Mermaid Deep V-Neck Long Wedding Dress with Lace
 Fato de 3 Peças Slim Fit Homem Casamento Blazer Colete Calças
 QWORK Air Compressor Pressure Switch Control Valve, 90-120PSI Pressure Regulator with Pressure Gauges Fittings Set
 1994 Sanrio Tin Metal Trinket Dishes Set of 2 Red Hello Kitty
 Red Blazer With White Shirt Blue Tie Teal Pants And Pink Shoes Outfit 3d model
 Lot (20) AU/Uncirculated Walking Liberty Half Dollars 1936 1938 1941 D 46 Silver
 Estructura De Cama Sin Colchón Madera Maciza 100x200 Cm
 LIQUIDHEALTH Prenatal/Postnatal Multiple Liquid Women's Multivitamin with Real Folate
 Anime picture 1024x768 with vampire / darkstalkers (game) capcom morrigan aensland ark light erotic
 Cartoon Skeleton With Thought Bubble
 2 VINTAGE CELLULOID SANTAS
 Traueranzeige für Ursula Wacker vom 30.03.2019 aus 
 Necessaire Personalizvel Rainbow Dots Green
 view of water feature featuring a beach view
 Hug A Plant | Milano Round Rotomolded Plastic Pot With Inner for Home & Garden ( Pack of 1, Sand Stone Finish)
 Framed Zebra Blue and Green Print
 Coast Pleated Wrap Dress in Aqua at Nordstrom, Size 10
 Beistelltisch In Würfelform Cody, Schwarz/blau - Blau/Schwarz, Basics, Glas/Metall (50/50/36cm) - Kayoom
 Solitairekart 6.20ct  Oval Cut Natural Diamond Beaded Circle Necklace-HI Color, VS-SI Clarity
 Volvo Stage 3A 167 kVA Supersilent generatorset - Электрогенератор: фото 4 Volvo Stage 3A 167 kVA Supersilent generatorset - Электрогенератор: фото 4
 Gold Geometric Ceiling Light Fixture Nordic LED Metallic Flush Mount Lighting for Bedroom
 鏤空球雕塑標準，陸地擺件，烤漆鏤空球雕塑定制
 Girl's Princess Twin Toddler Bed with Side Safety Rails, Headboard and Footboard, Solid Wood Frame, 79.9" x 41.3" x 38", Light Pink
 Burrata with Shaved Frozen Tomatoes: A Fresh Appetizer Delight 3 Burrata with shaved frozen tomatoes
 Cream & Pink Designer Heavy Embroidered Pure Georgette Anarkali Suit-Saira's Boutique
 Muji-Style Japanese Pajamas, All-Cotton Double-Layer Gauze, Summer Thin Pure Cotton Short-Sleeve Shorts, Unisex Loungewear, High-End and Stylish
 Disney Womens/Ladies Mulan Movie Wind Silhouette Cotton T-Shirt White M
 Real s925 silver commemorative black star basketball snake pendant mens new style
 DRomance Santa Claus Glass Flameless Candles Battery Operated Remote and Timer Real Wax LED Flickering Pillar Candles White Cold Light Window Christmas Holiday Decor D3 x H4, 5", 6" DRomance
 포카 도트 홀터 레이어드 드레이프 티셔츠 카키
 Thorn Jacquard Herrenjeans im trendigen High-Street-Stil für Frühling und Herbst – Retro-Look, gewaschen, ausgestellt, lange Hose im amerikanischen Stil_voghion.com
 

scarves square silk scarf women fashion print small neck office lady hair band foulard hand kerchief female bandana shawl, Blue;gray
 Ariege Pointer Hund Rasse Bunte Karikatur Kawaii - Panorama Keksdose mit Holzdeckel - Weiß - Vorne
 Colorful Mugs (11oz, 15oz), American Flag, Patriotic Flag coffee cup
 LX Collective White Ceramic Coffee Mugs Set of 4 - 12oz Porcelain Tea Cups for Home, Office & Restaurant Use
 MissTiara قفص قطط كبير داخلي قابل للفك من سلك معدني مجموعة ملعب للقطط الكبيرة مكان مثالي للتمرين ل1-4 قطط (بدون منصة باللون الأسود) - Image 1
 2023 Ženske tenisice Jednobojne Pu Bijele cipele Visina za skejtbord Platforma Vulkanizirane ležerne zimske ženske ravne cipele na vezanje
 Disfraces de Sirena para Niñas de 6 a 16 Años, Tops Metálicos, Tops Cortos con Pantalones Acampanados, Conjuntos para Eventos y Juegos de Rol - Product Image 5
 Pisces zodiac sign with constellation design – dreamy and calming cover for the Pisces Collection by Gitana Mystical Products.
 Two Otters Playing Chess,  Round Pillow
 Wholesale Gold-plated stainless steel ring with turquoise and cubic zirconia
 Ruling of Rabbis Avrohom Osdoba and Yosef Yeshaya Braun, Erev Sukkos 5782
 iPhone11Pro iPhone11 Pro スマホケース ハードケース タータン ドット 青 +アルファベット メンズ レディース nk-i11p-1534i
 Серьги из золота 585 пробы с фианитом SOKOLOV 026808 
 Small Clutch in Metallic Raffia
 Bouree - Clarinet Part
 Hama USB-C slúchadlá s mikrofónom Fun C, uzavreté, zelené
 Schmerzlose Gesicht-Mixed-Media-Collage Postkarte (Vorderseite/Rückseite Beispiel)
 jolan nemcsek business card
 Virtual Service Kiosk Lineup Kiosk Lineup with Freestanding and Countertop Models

========================================

What to do - A single number is the expected answer: how many lines of the entries contain "Real".

Result of the task - 3